"My sister taught me how to write my name when I was about three. I remember writing my whole name: Jacqueline Amanda Woodson." Woodson sits comfortably in an overstuffed chair in the sunny front room of her brownstone apartment in Park Slope, Brooklyn. "I just loved the power of that," she continues, "of being able to put a letter on the page and that letter meaning something. It was the physical act of writing for me that happened first. Not so much telling stories but actually having the tools with which to create a landscape of words."

All of Woodson's characters inhabit a detailed physical landscape, whether it be Lena's single-story shack with its cracked windows and peeling paint in I Hadn't Meant to Tell You This (Delacorte, 1994) or the claustrophobic apartment of the three motherless brothers in the Coretta Scott King Award-winning Miracle's Boys (Putnam, 2000). The author draws clear boundaries around these worlds, often defined by society, and her characters break through them--with exhilarating results. Sometimes it's a happy outcome, such as when the fence that separates Clover from her white neighbor becomes a rendezvous point in The Other Side (Putnam, 2001), sometimes tragic, as when Miah crosses from Fort Greene, Brooklyn, into Ellie's Upper West Side neighborhood in If You Come Softly (Putnam, 1998).

In Hush , published last month by Putnam, Woodson zeroes in on a cop who breaks the Blue Wall of Silence. Toswiah and her family must leave their Denver home and change their names after her father testifies against two fellow cops--both white--who shoot and kill an innocent African-American teenager. Toswiah transforms from a well-adjusted 12-year-old into the ultimate outsider, a recurrent theme in Woodson's novels.

"Growing up I always felt there's a way in which you belong--I definitely had my clique of girls, and I was a cheerleader and dated a basketball player--but it always felt like I was outside watching that and never quite belonging," Woodson recalls. "As a writer, that's where my gaze starts."

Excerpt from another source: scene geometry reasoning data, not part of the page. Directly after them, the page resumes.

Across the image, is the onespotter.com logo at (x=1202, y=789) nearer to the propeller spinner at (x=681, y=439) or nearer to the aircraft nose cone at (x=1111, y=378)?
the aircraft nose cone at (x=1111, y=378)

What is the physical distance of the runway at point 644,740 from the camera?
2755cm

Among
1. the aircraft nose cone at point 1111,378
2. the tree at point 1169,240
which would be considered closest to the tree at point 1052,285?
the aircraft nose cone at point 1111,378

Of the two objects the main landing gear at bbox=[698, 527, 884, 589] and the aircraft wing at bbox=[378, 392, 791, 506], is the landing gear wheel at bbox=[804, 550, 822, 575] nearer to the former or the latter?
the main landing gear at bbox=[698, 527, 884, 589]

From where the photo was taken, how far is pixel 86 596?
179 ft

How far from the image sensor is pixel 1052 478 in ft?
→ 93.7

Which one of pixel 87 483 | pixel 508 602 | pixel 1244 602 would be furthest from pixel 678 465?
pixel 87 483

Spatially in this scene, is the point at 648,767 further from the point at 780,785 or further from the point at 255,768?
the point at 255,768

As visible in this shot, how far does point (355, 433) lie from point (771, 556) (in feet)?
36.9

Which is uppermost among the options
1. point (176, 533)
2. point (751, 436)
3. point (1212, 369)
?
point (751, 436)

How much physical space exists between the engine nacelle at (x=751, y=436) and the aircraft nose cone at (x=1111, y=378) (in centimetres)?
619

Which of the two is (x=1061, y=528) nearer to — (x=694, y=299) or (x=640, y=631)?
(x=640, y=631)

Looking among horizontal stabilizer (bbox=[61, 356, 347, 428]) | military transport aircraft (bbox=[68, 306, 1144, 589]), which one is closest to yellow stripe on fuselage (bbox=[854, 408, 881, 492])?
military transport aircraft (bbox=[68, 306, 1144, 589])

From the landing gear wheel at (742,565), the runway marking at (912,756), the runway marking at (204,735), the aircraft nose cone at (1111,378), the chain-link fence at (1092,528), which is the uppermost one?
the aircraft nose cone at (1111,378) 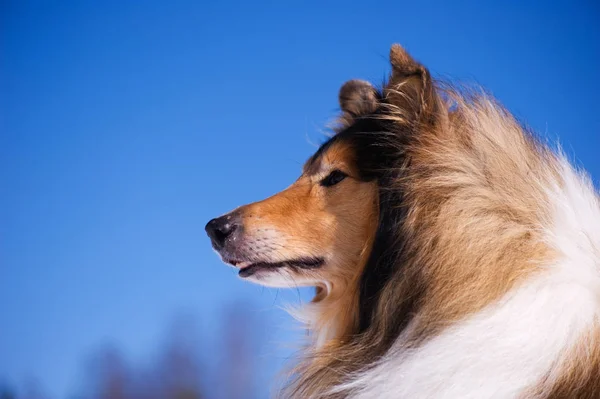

Wearing a roomy, violet sweatshirt and loose-fitting golden-hued pants, Woodson exudes the quiet confidence of one who loves her life's work. At 5'10", she carries her pregnancy gracefully (her due date is February 20). Mouse, the German Shepherd she and her girlfriend discovered on the street one day, naps contentedly on the floor. The adjoining room, in purple tones of twilight replete with stars and moon, awaits the birth of her daughter (to be named Toshi Georgianna, for her godmother-to-be, Toshi Seeger, and Woodson's grandmother, Georgianna).

In a nook of the large, open kitchen is the author's desk, a transparent glass top that reveals the hardwood floor below. There sits a picture of Woodson's grandfather, the only African-American face in his high school class. A quartet of cameos shows the girlhood pictures of Woodson and her partner. The author's manner and her surroundings convey a serene sense of belonging, and the critical acclaim and many awards accorded her 15 children's books have won Woodson a spot as a literary insider. Yet her early years were a time of flux.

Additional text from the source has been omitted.